Has this ever happened to you? Perhaps you’ve heard about other people freezing, and you’ve avoided public speaking because you don’t want to share their experience.In this month’s column, I will share tips to reduce the likelihood of experiencing stage fright the next time you speak in front of a group of people.
Practice—My first tip seems obvious; however, I’m amazed by the number of people I meet who plan to “wing it” when they talk about the next speech they will be delivering. People romanticize the idea of speaking off the cuff, but the best public speakers practice often.
The more you practice a speech, the more comfortable you will be with your material and you’ll drastically reduce the likelihood of freezing. One of the best ways to practice speaking material is to join a local Toastmasters club. Alternatively, you can use your phone to record yourself giving a speech, or ask a friend or family member to watch and give you constructive feedback.
Have water nearby—Our bodies do weird things when we begin to speak in front of a crowd. An incredibly common body response is that our mouths get dry, mid-speech. When a new speaker notices his/her mouth is dry in the middle of a speech, it may cause that individual to panic or forget what he/she was planning on saying.
You can easily fix this problem by having water nearby. Audiences are used to speakers taking sips of water between sentences, so don’t hesitate to take a drink if you experience this dry mouth body response. An added benefit of sipping water is that it gives you a moment to think about what you were planning to say if you lose your place in the speech.
Beware of holding a single piece of paper—In the last tip, I mentioned our bodies do odd things when we’re in front of an audience. Another common body response is for our hands to shake. This becomes increasingly noticeable when someone is holding onto a single sheet of paper. Hand shaking causes the paper to flutter and make noise. When the speaker notices it, this often causes their hand to shake even more, which leads to the paper making even more noise.
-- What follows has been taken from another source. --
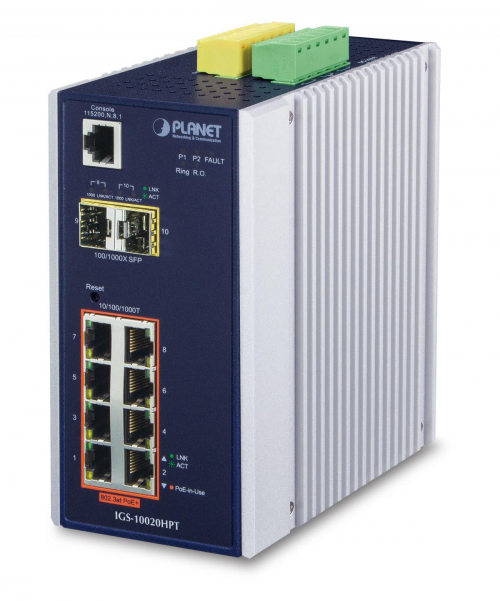 17435983320926-planetigs10020hptswitchdiretegestitol2gigabitethernet101001000supportopoweroverethernetpoenerobianco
If you’re using a piece of paper with notes on it during your speech, you have a couple of options to avoid this problem. If there is a podium, set your notes on it so that the paper is not shaking in your hand. If there isn’t a podium, bring along a binder or something sturdy you can hold onto behind your notes. The reason for this is that your hands won’t be able to visibly shake as much if you’re holding onto something that is a bit heavier.
Face the audience in advance—One of my favourite tricks to do when speaking in a new environment is to, at some point, find an opportunity to stand near the front of the room and face the crowd before I take the stage.
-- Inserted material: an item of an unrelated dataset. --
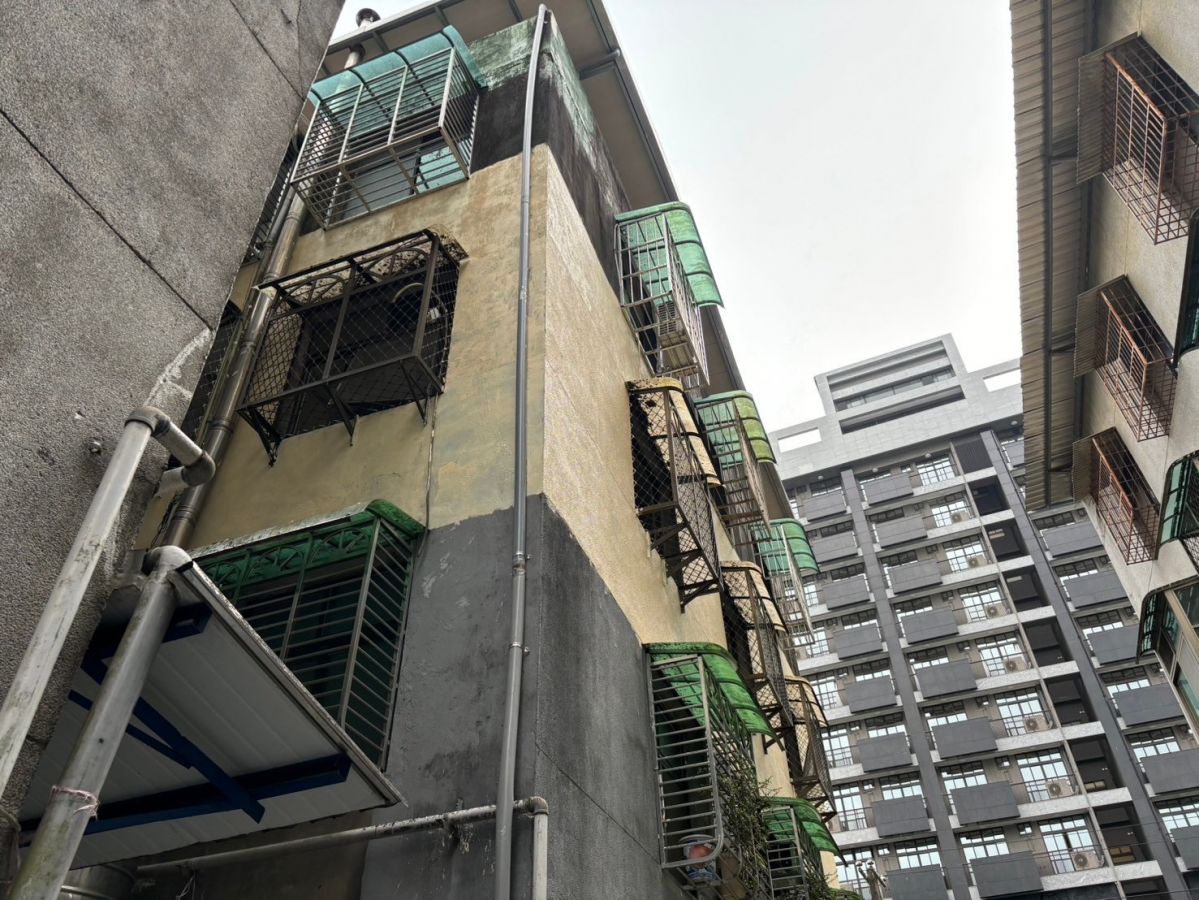 台北外牆防水工程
The scariest moment of public speaking usually comes when you first face the audience. The feeling of all the eyes in the room on you is a bit daunting, but you can minimize this effect by finding a time to face the audience in advance so that the vantage point doesn’t overwhelm you when you begin speaking.
Use humour (if needed)—If the worst-case scenario comes true and you absolutely freeze, don’t panic. The best thing you can do at this point is make some sort of joke.
A friend and co-worker of mine has a great line she uses: “Wow, this went over a lot better when I practiced this speech in front of my dogs this morning.” Whenever she says this, she causes the audience to laugh and it lightens the mood and takes the pressure off of the rest of the speech.
Remember that everyone understands how difficult public speaking is, and they’re rooting for you to do well.